TRY IT:
The entire listing that follows must be repeated exactly, pictures excluded.

RAW DATA:
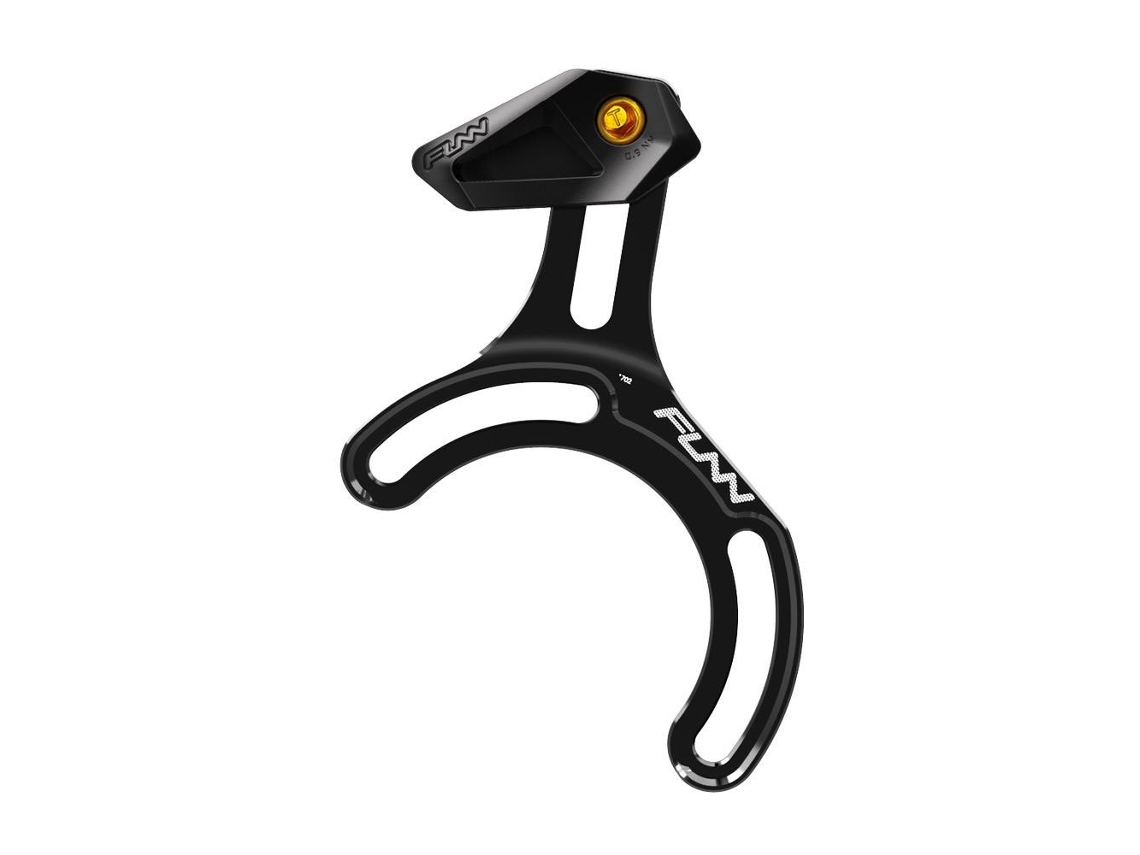 Guia de Corrente para Shimano Zippa Es E-Bike 34/38T Prateadofunn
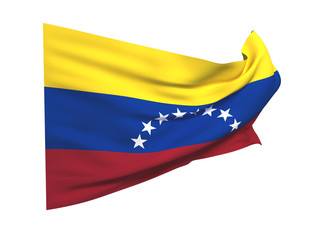 Fototapeta premium flag of venezuela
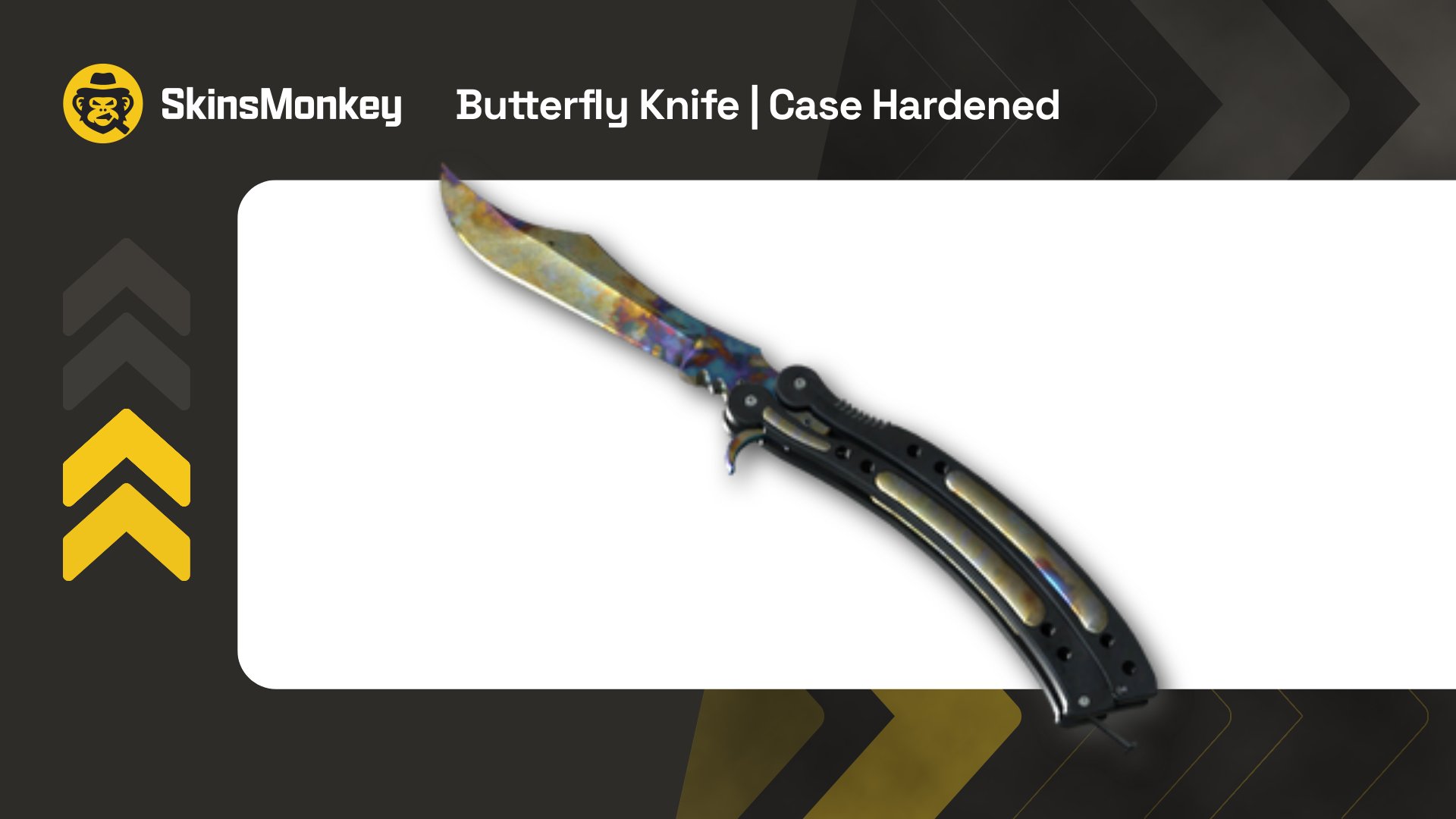 Butterfly Knife Case Hardened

SOLUTION FOR THIS PROBLEM:
 Guia de Corrente para Shimano Zippa Es E-Bike 34/38T Prateadofunn
 Fototapeta premium flag of venezuela
 Butterfly Knife Case Hardened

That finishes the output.